Sin embargo, hombres y mujeres siguen pasando de un lado a otro y van a seguir haciéndolo así levanten un muro o hagan una cadena humana con guardias y militares. No entienden las autoridades de ambos países que la frontera es un cuerpo vivo cuya respiración es el tránsito de ideas, mercancías y personas, y que como todo ser vivo al que intentan quitarle el aire buscará la forma de no morir asfixiado. Es en esta respiración artificial que reside el verdadero problema de la frontera, pues este “servicio” es ofrecido por grupos armados y estructuras ilegales que controlan, con más rigor, el paso entre ambos países.
En la región todos saben que existen las trochas y que el paso por estas es controlado por grupos armados que tienen tarifas que se ajustan según la persona o la mercancía que se desea pasar. Por tanto, cada día que el cierre se mantiene, los grupos que controlan las trochas se fortalecen. Esto les permite aumentar su capacidad en hombres y armas, así como diversificar su oferta criminal, ya no solo en las trochas, sino al interior de los municipios que bordean la frontera.
Esta dinámica contrasta con la tímida reacción de los parlamentarios del departamento y la apatía del Gobierno nacional, pues, salvo algunos pronunciamientos sujetos a una coyuntura específica, no hay una propuesta seria sobre la apertura. De nada sirve que haya motivos económicos como los que enumeran los comerciantes, no importan los argumentos de seguridad y mucho menos interesa el drama humanitario de quienes a diario se exponen al paso por las trochas. Más que visitas de ministros, la frontera necesita ser vista desde sí misma y desde sus necesidades. Un primer paso es dejar de verla como un discurso y, sobre todo, dejar de pensar que todo lo que circula por ella es ilegal.
El Estatuto Temporal de Protección a Migrantes Venezolanos es una buena señal, pero no resuelve la situación que actualmente afecta a Norte de Santander, Arauca y La Guajira por el cierre “formal” de los pasos fronterizos. Al contrario, solo aumenta la incertidumbre de los habitantes y fortalece a los grupos que controlan las trochas que crecen como arterias entre ambos países.
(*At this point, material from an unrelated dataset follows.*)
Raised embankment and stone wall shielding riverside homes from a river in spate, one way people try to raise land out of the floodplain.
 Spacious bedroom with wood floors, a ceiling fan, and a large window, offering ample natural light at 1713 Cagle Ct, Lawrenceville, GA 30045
La gente seguirá pasando y con cada aguacero nuevos grupos de personas aparecerán en los puentes a la espera de que les permitan regresar a sus casas. Mientras tanto, las autoridades seguirán creyendo que en los días de lluvia también caen personas, ignorando que el agua es una cortina traslucida que muestra la realidad que tirita bajo los puentes en la frontera.